③生徒はそれぞれでより良い文構成のため個別の指針を作成し、長期間使用するようになる。

・これらの技術に対する生徒の反応はおおむね好意的である
→上記と同様の質問をしたところ、29名のうち、28名がライティングとその課題の見直しが文構成能力の向上に役立つと回答しており、どれだけ向上したかという質問に対しては5段階評価で平均が4.03と、peer feedbackと同様の数値となった。

6. 結論
・ライティング力を向上させるには、フィードバックを有効的に適用することができるようになるということが大切である。しかし、フィードバックは学習者自身が積極的に課題に取り組み、分析して評価する気がないと効果を発揮することができない。このためには、下書き作成段階でpeer feedbackを行うことが重要
→学習者が自分でどのフィードバックを適用するべきなのかということを考える必要がでてくるため。
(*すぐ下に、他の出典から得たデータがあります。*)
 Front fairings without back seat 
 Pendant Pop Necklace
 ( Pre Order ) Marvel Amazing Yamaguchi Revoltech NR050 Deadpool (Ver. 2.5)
・教師によるフィードバックは長期的な視点で捉えたライティング力の改善という目的において有効
→5章で述べた方法を用いることによって、その時点で扱っている課題に限らず、将来の作文においてもフィードバックを生かすことができる。さらに、このタスクは高度の評価力と判断力を含んだものとなるため、フィードバックが経る精神的処理を増加させることになる。このことは学習者がよりフィードバックを内面化させるのに役立ち、長期的な改善につながる。

・フィードバックの種類についてはたくさんの意見が存在するが、どれも学習者に読み手の視点からの意見、作文を客観的に捉えた感想を与えることによって、ライティング力を向上させることに役立つということがわかっている。

・これまでに述べた著者のフィードバックの適用方法は、学習者がライティングに自発的に取り組み、また長期的にみたライティング力の向上においても貢献することができる。

考察
①Peer feedbackは、評価する側もモチベーションが高くなければあまり効果が得られないのではないか。また、そのモチベーションを上げるためにはどのような方法があるのか。

②生徒にフィードバックをするよう指示しても、やり方がわからないのではないか。

③下書き段階での教師によるフィードバックを学習者に明示しなかった場合、どの程度適用するのか、また明示した場合との差は見られるのか。

④教師のフィードバックがなぜ必ず必要なのか。

議論
①peer feedbackの内容も教師が評価することでモチベーションを向上させることはできるのではないか。

②フィードバックの指導書を作成する、指導方法を教授するなどの工夫が必要。

③実際の調査、研究が必要。

④最終的な評価、peer feedbackでは気づかれなかった間違いについての言及をおこなうため。また、教師によるフィードバックを生徒が最終的に見直さない可能性があるため、本論文での解決策として指示されている方法をとる。または、教師によるフィードバックをおこなった後もう一度完成品を提出させて、最終的には教師からのフィードバックを取り入れた原稿とそうでない原稿の二つを評価する、といった工夫が必要。